About
"More pasta, less sauce...”
The desire for more 'condimenti' or sauce over the heart and soul of pasta dish i.e. the pasta itself, has tipped the balance in favour of a "sauce over pasta" mentality. The perceived value of a pasta dish is tied to having a disproportionate amount of dressing to pasta, overzealous layering of complex flavours, use of opulent high priced items and precise manicuring techniques accomplished with tweezers for e.g. For some, these are parameters considered for the value proposed in relation to the price tag.
"Customers are always right...”
In a bid to make the best sauces and plate the wildest looking dishes for the gram, traditional pasta making techniques rooted in skill of the old world and good ol' elbow grease-the core foundation of handmade pasta-has fallen by the wayside in favour of more marketable (and less laborious) means to the average consumer's wallet. With this need to allocate more energies to the quality and range of 'condimenti', the range of pasta formats naturally had to be kept limited and traditional pasta making techniques were shoved aside for more simplistic methods of production e.g. more reliance on machinery or just completely ditching the important lessons from nonna to make your own by consorting with mass producers of industrialized pasta. Fortunately, for most mass consumers, the impact of this less than ideal initiative is easily diverted with successful implementation of the more 'condimenti' is better ideology and thankfully, most "pasta worshippers" are hip to the notion that pasta is nothing more than a textural back drop for the dish.

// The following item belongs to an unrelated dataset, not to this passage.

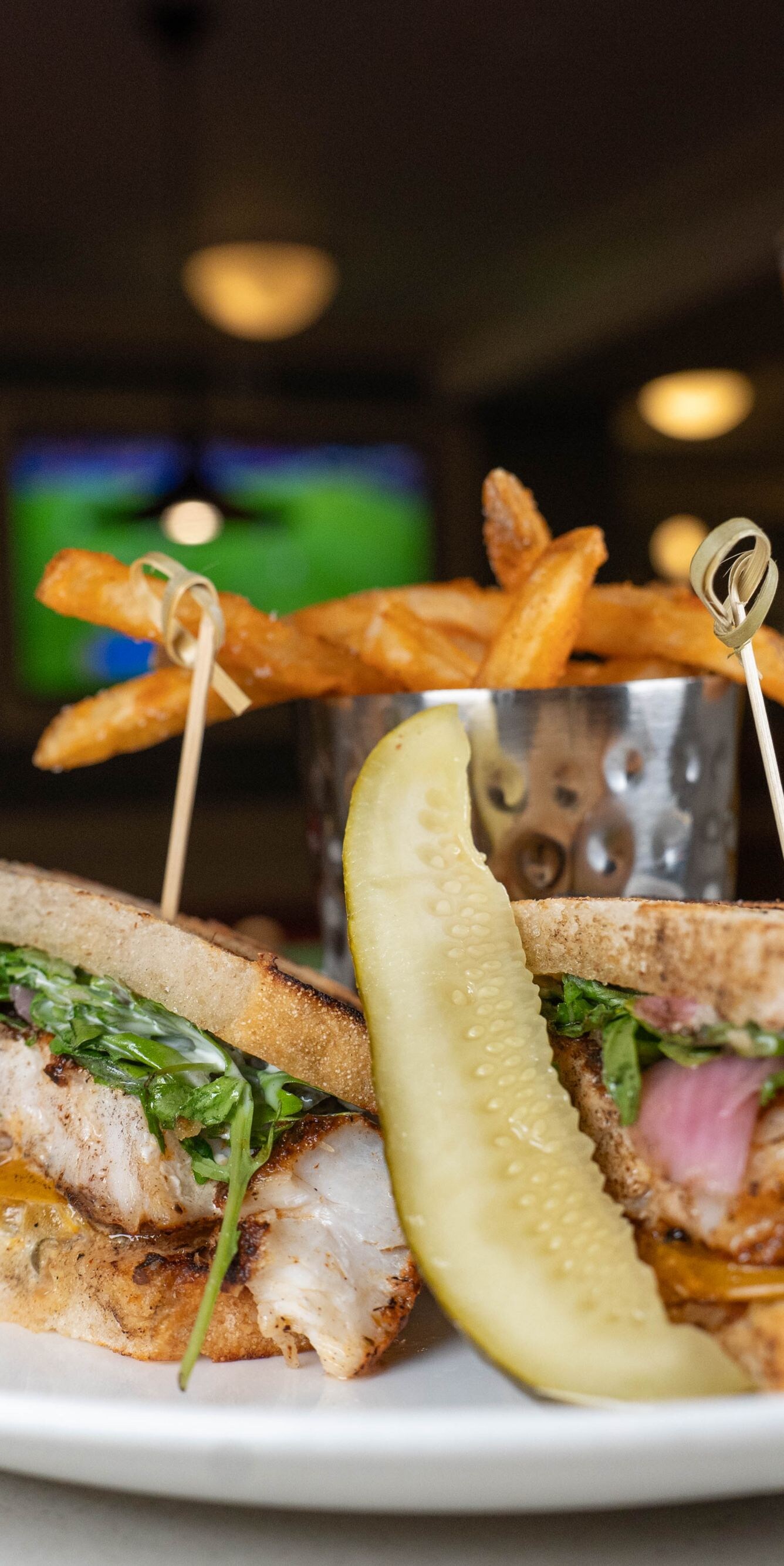 Grouper sandwich with fries and a pickle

"Dress your pasta with sauce and not the other way around...”
The core belief behind the brand is that a pasta dish should always center around the pasta and should not have to compete with the sauce and other embellishments which are nothing more than auxiliary. It is this singular appreciation of pasta as the true protagonist that drew me into its world. The richness and depth of its tradition, techniques and history are as colourful, if not more than the complex sauces and high priced ingredients we are accustomed to seeing and expect in our pasta dishes.
"Focus on technique, skill and processes …”
Ben Fatto is dedicated to the preservation of the art of pasta making, focusing on techniques of the old world. Tradition is kept alive through practise and valuing hand crafted products over a lump of Uni or slivers of truffle that embellish a plate of pasta.